KEYWORDS: CRISPR-Cas, bacteriophage, bottlenecks, diversity-generating mechanisms, host-pathogen coevolution, dilution effect

Introduction

Many bacteria encode CRISPR-Cas immune systems [Clustered Regularly Interspaced Short Palindromic Repeats, CRISPR-associated], a RNA-guided mechanism used to defend against phage infection [1]. In response to phage infection, CRISPR-Cas immune systems can incorporate short DNA fragments of about 30 base pairs derived from the phage genome into CRISPR loci on the host genome, termed spacers [2,3]. CRISPR transcripts are processed into small RNAs (crRNA) that bind to CRISPR-associated (Cas) proteins, which guide the recognition and cleavage of complementary nucleic acid sequences. In the case of reinfection by the same phage genotype (or a related phage genotype carrying the cognate sequence), CRISPR-Cas systems can target and cleave the invading phage genome, preventing successful re-infections [46]. CRISPR loci in bacterial populations are often diverse [79]. High levels of CRISPR spacer diversity naturally evolve in bacterial populations with type I-F CRISPR-Cas systems due to primed spacer acquisition [10]. Priming relies on a partial match between a pre-existing spacer and the phage genome [9,11], and causes an increase in the rate of spacer acquisition. Increasing CRISPR diversity can contribute to synergistic host benefits and cause increasingly rapid phage extinction [1214].
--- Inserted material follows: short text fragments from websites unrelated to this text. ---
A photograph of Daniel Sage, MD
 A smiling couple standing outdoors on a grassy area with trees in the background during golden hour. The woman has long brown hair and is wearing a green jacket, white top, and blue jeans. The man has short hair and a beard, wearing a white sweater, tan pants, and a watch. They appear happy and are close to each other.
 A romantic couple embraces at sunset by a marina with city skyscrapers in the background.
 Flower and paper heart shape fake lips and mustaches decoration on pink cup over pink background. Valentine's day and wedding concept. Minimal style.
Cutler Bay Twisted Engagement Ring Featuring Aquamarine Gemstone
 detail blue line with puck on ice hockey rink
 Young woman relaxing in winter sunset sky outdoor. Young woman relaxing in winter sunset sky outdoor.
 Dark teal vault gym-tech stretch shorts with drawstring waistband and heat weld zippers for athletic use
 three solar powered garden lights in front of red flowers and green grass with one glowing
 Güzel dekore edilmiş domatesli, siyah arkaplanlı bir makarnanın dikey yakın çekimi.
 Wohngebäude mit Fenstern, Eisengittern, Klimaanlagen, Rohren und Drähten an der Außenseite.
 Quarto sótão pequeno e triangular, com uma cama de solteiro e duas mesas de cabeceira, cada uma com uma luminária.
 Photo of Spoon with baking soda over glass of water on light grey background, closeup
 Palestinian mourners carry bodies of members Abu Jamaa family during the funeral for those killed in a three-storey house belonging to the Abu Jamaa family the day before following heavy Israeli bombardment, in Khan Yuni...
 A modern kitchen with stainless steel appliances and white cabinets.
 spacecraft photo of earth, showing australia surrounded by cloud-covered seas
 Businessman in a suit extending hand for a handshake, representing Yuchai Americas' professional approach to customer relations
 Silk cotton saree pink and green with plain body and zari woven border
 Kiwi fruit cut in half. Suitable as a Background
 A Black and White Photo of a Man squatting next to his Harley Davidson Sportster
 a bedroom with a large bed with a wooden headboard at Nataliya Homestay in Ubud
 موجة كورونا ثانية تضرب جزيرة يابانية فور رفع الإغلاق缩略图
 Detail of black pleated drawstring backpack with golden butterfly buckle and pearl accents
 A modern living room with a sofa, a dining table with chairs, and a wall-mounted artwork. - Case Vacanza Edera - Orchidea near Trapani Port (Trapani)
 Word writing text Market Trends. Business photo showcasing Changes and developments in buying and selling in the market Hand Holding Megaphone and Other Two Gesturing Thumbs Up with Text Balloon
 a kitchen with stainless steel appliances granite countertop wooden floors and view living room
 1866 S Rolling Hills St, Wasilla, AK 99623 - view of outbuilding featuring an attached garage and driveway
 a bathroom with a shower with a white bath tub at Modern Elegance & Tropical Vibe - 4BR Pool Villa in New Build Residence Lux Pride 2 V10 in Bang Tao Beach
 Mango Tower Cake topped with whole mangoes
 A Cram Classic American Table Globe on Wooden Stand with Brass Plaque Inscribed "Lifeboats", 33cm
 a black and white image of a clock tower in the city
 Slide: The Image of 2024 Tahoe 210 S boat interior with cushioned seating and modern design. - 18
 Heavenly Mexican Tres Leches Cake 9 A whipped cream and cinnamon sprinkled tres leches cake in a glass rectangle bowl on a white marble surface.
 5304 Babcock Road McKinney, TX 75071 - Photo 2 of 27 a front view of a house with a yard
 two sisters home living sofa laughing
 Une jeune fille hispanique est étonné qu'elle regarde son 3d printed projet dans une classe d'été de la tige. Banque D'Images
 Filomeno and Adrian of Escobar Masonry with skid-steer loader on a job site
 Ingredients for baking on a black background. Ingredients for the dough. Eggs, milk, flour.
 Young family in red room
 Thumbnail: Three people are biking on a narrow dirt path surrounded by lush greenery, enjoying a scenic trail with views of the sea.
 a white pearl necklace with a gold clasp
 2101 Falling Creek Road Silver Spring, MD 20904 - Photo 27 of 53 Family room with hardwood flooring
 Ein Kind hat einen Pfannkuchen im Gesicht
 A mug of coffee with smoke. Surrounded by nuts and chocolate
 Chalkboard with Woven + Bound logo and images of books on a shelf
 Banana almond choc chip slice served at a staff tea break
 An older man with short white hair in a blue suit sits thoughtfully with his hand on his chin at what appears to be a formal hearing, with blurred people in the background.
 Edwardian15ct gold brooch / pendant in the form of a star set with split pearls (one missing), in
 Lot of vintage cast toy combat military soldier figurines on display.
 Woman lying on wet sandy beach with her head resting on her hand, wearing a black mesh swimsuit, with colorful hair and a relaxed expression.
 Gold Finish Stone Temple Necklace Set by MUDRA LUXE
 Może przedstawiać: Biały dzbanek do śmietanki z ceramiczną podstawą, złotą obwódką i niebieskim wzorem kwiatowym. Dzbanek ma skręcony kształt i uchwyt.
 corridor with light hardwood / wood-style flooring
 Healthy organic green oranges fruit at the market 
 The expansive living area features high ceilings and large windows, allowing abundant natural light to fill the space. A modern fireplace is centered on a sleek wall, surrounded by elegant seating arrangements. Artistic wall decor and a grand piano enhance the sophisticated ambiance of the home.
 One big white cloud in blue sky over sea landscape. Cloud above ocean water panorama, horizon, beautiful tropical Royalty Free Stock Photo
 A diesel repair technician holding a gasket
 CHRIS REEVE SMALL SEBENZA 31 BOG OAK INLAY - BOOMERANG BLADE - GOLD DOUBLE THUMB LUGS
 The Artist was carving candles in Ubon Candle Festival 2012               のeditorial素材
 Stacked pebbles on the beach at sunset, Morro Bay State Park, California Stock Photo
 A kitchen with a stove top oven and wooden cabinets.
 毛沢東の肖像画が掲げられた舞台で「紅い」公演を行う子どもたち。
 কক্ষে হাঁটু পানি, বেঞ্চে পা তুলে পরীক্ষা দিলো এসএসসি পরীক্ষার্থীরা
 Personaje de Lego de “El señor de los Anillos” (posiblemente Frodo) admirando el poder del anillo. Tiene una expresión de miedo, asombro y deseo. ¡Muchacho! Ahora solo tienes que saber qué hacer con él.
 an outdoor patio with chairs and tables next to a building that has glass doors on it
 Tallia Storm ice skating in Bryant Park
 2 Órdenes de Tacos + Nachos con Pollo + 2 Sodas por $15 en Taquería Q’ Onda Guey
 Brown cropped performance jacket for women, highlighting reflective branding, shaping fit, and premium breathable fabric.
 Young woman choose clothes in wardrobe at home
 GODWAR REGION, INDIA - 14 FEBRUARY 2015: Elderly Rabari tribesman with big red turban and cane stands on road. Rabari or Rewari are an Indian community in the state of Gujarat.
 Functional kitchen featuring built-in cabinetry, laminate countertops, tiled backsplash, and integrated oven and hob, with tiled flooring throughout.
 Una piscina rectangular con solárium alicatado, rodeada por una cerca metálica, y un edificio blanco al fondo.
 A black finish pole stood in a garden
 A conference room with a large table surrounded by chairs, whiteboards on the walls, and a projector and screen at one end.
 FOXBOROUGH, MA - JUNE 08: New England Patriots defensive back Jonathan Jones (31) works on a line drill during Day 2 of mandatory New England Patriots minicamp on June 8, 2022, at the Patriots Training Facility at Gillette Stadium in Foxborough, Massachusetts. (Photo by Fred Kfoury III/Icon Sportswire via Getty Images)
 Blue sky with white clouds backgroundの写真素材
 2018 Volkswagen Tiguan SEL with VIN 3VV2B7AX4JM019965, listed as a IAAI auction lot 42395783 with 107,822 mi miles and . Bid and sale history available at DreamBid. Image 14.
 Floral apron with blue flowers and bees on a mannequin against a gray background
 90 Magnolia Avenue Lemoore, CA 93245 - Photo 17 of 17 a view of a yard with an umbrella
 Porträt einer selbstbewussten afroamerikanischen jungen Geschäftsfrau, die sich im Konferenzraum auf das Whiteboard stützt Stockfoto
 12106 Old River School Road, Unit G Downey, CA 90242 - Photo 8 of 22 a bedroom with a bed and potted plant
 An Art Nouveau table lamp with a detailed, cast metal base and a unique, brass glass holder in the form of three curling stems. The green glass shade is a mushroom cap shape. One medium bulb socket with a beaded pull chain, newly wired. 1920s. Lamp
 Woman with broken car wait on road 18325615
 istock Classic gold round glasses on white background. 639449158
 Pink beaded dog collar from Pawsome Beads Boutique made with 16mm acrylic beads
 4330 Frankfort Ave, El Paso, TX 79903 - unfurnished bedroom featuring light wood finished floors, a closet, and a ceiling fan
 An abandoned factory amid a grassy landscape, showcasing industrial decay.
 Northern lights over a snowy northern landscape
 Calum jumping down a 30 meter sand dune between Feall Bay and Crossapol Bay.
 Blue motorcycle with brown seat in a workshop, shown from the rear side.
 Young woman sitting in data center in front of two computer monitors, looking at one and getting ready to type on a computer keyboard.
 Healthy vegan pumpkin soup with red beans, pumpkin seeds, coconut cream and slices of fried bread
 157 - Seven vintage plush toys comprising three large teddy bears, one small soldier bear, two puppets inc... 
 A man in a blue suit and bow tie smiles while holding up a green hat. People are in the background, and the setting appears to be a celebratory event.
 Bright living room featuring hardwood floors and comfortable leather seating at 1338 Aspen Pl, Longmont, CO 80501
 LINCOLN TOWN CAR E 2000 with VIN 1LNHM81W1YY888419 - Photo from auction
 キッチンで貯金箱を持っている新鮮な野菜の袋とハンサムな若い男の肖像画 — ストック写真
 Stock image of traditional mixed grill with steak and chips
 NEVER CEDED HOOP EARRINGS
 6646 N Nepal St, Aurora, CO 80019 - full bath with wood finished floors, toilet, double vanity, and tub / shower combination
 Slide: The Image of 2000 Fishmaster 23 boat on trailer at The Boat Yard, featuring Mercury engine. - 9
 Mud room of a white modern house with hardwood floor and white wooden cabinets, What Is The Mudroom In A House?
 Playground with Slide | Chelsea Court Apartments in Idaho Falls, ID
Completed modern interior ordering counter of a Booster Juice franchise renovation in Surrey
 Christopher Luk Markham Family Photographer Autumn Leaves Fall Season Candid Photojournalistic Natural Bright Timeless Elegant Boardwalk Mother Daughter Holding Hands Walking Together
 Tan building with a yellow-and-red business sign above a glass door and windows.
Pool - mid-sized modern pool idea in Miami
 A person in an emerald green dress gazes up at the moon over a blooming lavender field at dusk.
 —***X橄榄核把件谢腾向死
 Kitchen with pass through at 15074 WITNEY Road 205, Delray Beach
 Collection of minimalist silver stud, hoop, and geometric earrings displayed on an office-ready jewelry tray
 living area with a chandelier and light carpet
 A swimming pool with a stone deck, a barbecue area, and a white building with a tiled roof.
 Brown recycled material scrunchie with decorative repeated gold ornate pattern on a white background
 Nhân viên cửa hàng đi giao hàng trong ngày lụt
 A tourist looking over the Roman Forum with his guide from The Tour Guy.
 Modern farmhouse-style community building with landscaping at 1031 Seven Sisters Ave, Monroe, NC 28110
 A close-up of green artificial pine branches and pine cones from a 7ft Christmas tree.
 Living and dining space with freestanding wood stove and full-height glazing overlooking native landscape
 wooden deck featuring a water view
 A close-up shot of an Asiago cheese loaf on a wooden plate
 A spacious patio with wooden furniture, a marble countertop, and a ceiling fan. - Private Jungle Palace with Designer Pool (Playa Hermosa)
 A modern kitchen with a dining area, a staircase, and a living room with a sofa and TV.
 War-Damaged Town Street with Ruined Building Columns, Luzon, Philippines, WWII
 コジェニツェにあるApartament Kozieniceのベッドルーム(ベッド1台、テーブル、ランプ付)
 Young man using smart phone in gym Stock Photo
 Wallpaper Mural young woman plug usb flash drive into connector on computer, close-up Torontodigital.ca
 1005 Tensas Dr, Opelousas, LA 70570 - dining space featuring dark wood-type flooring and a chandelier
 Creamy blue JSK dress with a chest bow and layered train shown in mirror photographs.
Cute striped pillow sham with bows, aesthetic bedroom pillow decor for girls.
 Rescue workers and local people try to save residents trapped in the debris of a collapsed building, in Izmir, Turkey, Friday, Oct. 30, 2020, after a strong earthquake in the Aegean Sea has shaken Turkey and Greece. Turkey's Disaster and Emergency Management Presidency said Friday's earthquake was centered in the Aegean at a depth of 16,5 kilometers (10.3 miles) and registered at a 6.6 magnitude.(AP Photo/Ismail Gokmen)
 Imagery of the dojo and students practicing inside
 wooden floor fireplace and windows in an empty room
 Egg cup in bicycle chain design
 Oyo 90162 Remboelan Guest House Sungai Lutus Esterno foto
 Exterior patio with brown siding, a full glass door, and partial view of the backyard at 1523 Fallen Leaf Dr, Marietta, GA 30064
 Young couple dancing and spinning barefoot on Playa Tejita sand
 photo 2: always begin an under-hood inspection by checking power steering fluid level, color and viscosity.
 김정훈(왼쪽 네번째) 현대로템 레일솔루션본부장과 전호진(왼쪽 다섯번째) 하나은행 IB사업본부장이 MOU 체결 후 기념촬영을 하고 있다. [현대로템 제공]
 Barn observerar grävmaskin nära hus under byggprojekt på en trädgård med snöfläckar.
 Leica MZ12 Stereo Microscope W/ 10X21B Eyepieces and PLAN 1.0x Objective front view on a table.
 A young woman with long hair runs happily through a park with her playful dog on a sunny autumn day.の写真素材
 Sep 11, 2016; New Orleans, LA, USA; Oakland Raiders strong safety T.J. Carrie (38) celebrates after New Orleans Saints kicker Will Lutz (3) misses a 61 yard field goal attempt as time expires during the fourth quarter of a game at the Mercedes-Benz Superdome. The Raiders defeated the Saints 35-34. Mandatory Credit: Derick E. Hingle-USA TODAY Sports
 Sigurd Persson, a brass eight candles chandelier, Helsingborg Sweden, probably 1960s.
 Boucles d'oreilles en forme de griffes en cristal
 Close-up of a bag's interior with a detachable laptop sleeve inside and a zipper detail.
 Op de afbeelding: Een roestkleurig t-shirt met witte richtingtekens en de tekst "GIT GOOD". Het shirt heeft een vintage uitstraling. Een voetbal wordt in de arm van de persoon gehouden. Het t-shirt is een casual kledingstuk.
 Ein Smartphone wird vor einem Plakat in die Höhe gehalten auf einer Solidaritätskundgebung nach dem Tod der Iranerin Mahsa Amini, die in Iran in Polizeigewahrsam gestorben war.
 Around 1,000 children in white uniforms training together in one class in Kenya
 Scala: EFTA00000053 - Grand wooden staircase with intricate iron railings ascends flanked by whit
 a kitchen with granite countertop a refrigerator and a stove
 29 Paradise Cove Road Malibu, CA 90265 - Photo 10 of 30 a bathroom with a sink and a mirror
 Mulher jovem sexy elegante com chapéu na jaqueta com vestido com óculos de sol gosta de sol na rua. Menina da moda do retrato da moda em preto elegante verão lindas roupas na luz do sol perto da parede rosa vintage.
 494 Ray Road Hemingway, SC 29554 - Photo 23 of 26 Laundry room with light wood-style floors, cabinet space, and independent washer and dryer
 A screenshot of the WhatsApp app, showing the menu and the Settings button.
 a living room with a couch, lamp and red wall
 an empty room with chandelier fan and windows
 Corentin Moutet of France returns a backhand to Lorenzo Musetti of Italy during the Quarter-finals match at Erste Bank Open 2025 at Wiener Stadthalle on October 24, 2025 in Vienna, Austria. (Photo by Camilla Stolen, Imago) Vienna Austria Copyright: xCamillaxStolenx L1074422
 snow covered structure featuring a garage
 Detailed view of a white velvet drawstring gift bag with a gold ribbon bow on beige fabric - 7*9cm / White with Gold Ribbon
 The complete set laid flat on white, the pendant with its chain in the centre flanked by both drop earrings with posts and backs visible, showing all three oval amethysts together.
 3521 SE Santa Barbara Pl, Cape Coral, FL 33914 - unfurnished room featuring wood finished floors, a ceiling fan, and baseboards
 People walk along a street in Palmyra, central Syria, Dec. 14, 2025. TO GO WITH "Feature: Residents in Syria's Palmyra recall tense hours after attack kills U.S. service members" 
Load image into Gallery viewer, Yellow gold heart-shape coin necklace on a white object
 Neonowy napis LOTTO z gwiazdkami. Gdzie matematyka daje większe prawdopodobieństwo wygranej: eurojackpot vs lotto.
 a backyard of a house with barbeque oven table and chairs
The levels of genetic diversity in populations of hosts and parasites are known to play a key role in determining the spread and evolution of infectious diseases. For example, host genetic diversity can limit the spread of pathogens (reviewed in [15,16]) whereas parasite genetic diversity can increase the ability of parasites to adapt to local hosts [17]. Population bottlenecks – characterised by sudden, often repeated and usually drastic reductions in population size – are common in host-pathogen populations and can strongly reduce their genetic diversity [18,19]. Bottlenecks in host-pathogen systems can be levied by clinical treatment, such as antibiotics [20]; as part of the normal infection cycle of a pathogen (e.g. Lyme Disease [21], HIV-1 [22], Hepatitis C virus [23], reviewed in [24]; or sudden changes in the abiotic environment, such as soil structure [25].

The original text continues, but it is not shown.